#### INPUT RECORDS
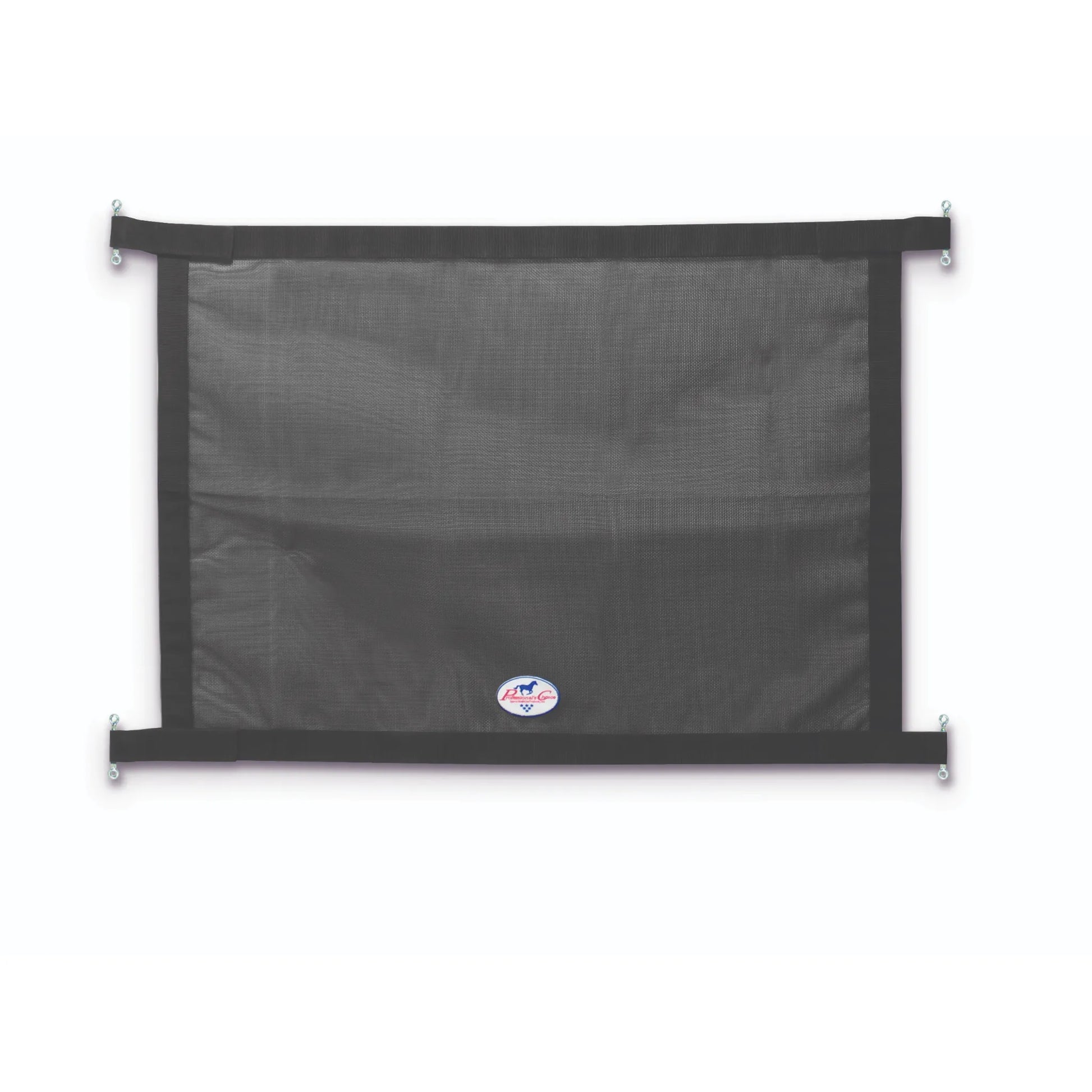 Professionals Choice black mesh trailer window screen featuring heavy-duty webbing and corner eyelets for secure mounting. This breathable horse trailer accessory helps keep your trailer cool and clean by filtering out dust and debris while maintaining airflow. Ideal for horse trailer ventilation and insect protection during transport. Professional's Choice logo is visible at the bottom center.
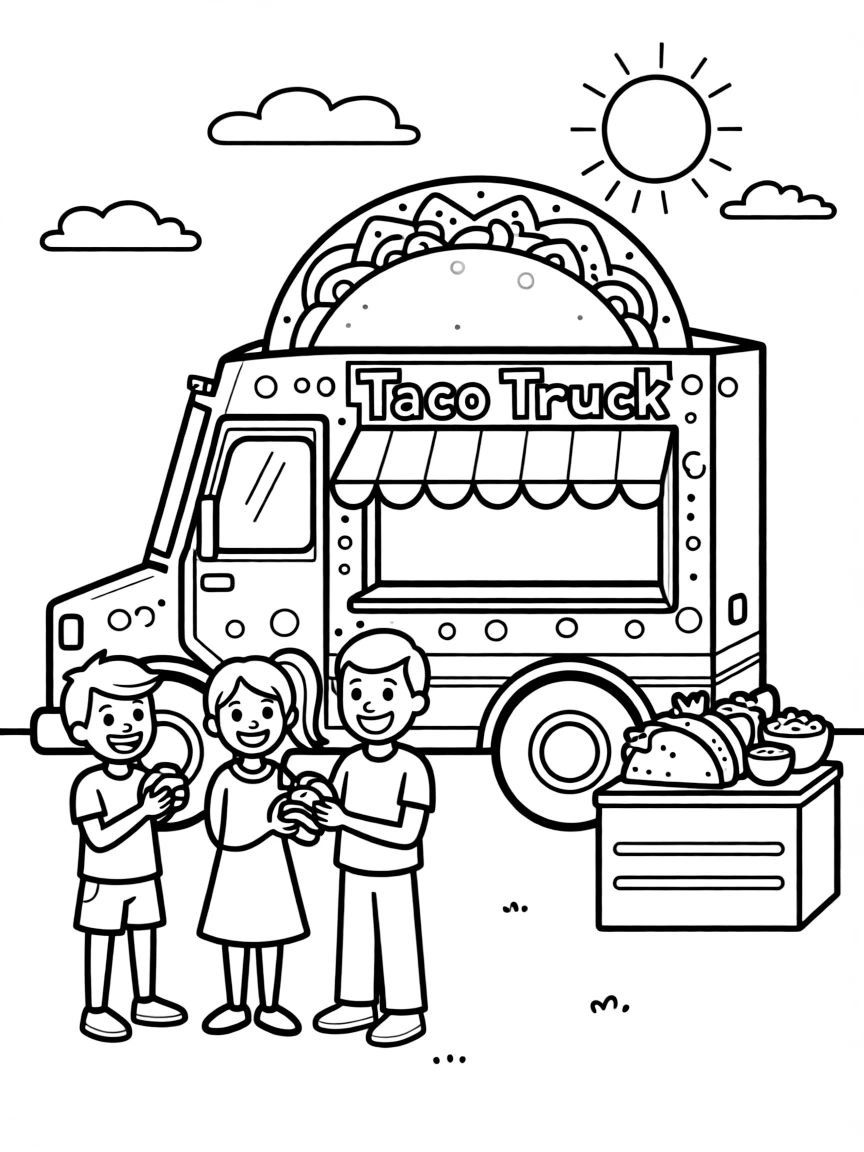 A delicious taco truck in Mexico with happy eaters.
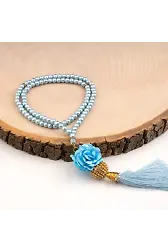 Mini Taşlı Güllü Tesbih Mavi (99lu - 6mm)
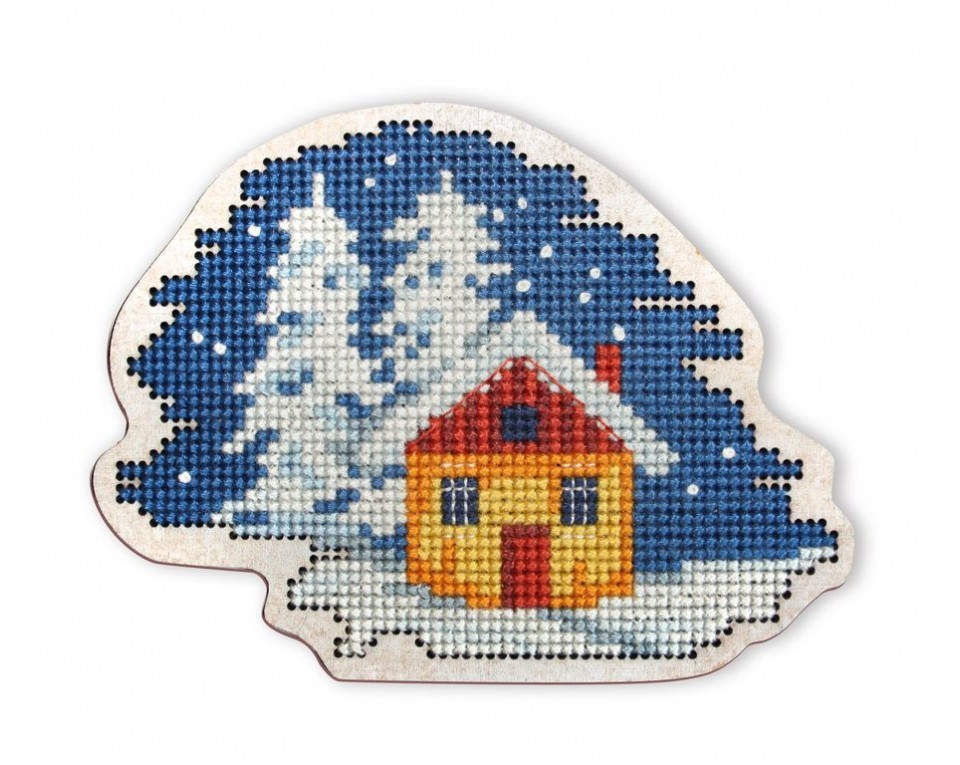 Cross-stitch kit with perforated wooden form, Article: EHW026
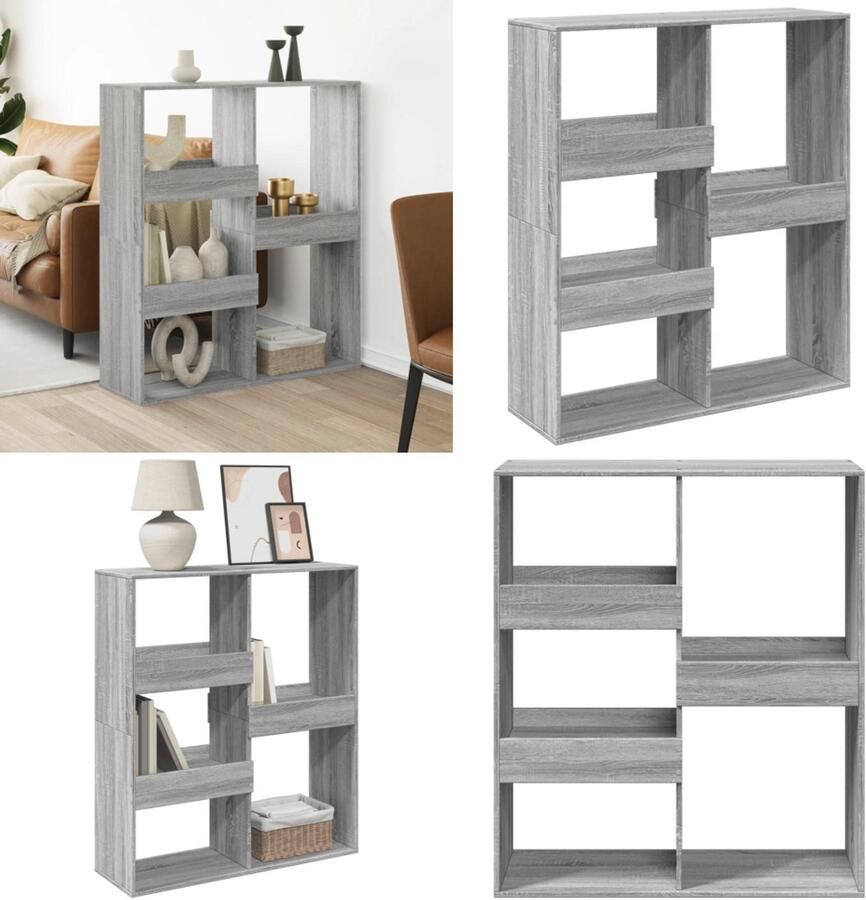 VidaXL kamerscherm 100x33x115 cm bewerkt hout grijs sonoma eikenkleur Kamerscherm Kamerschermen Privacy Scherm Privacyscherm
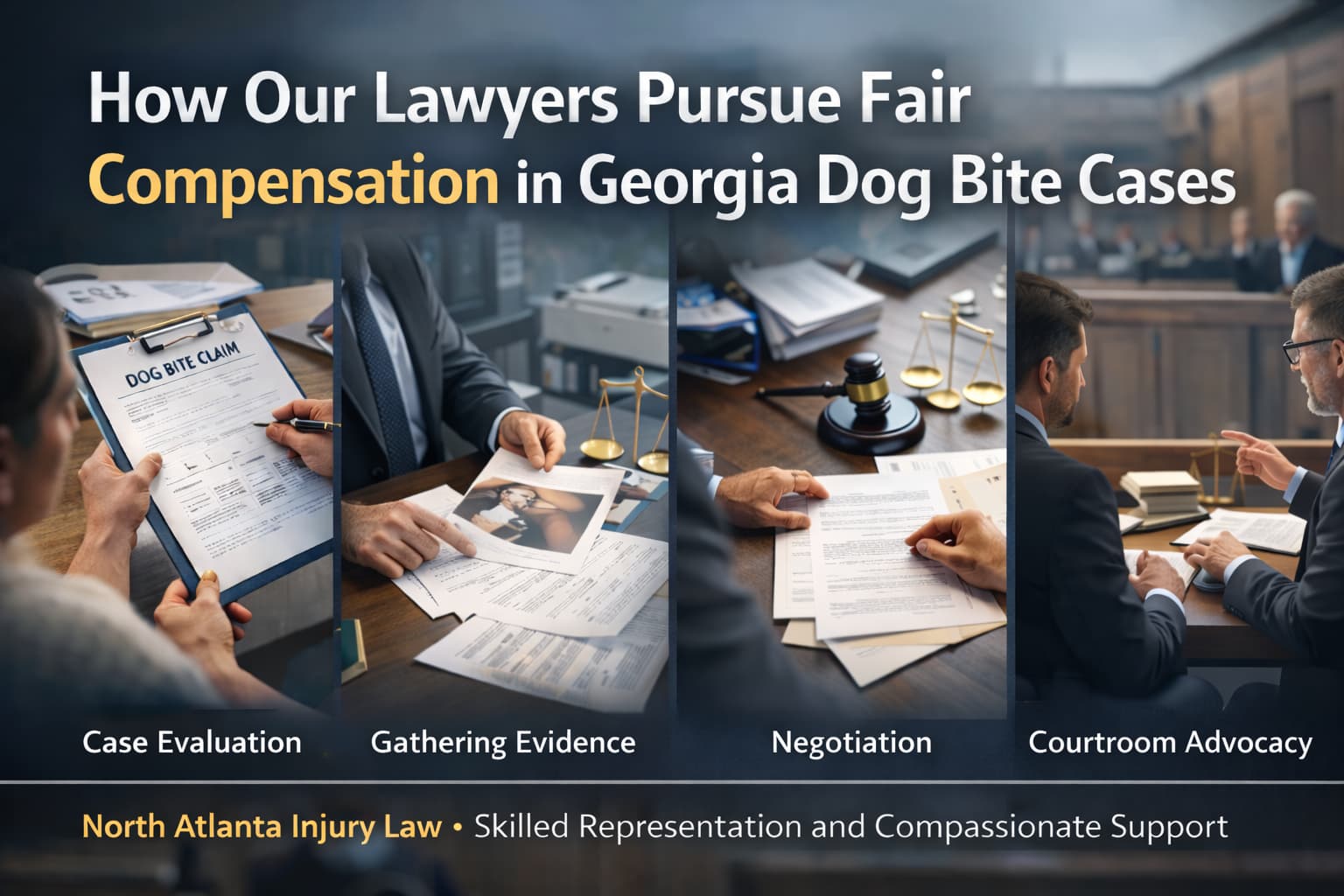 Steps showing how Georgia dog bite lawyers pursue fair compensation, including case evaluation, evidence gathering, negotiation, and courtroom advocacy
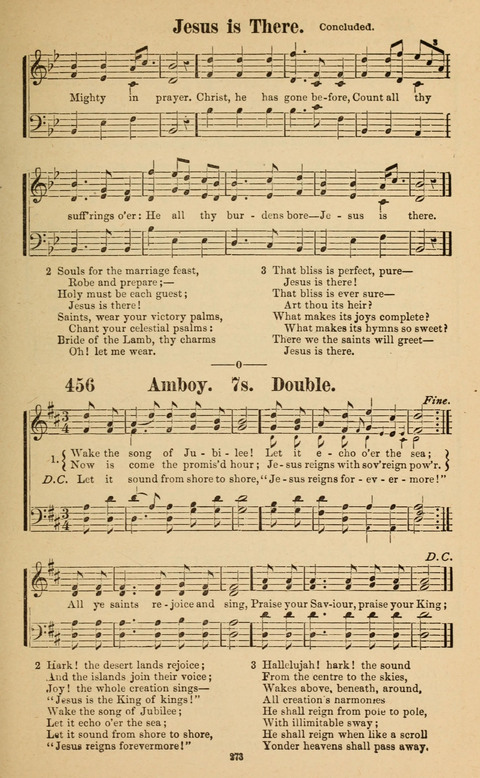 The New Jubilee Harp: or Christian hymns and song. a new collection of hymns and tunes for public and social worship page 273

#### TASK DETAILS
Line for line, output the entries above from the line with "VidaXL kamerscherm 100x33x115" to the line with "Steps showing how", both included, and nothing more. Skip pictures.

#### ANSWER
 VidaXL kamerscherm 100x33x115 cm bewerkt hout grijs sonoma eikenkleur Kamerscherm Kamerschermen Privacy Scherm Privacyscherm
 Steps showing how Georgia dog bite lawyers pursue fair compensation, including case evaluation, evidence gathering, negotiation, and courtroom advocacy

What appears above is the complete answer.